(GIVEN ENTRIES)

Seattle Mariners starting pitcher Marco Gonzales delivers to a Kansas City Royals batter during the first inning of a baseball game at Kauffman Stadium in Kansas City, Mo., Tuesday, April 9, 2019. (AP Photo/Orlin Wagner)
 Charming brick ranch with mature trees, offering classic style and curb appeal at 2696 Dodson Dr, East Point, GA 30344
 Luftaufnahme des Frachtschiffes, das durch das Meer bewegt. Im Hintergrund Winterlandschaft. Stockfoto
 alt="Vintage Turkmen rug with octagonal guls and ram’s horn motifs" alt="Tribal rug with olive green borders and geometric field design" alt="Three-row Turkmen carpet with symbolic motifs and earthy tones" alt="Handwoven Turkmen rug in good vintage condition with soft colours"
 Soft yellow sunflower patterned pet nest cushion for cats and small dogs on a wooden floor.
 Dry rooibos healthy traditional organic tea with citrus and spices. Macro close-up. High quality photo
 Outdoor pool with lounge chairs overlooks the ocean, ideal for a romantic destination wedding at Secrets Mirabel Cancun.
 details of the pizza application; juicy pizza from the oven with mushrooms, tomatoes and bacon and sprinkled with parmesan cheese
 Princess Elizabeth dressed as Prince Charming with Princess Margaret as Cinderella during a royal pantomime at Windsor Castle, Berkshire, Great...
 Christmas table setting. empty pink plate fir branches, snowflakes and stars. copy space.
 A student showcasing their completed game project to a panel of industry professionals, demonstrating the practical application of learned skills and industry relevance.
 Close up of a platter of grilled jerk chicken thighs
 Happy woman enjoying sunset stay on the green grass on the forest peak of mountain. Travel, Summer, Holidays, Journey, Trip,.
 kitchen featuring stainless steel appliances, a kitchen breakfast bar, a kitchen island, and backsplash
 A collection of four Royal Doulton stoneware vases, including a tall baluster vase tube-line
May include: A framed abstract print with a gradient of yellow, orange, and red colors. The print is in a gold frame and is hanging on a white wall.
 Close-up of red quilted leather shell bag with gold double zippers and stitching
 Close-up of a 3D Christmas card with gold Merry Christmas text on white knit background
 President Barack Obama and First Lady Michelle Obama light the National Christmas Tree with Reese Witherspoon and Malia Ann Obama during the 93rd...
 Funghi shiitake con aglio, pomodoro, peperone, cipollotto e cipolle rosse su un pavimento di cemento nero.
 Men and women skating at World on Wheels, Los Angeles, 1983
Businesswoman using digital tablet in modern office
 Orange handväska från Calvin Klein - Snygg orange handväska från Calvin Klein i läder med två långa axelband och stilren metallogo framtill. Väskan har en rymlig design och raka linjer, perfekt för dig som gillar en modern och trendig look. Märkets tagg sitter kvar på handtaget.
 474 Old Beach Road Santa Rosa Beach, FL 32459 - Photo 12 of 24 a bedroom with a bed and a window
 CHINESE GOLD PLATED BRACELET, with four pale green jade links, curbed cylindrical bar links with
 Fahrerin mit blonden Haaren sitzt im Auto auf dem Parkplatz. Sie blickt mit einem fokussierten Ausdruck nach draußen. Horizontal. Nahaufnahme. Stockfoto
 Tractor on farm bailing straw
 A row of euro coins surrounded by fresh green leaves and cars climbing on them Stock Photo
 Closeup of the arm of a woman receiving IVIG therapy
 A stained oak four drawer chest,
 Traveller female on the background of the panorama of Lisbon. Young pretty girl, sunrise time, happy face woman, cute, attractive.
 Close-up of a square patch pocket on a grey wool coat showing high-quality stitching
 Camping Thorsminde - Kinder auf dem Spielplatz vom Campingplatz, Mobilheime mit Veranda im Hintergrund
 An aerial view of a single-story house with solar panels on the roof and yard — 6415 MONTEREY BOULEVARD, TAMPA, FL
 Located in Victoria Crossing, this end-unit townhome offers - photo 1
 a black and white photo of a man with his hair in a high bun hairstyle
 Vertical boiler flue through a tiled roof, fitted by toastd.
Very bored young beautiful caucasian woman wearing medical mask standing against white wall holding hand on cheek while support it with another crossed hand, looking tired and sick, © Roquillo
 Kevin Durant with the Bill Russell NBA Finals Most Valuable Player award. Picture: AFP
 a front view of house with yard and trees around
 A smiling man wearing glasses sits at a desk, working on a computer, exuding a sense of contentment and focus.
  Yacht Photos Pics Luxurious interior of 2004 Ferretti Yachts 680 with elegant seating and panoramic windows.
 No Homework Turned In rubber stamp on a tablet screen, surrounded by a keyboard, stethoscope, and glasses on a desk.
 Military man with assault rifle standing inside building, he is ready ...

(End GIVEN ENTRIES)

▶ **DESCRIPTION OF THE TASK**: Among the lines above, count those containing the word "yellow" and give nothing but the result.

▶ **WRITTEN ANSWER**: 2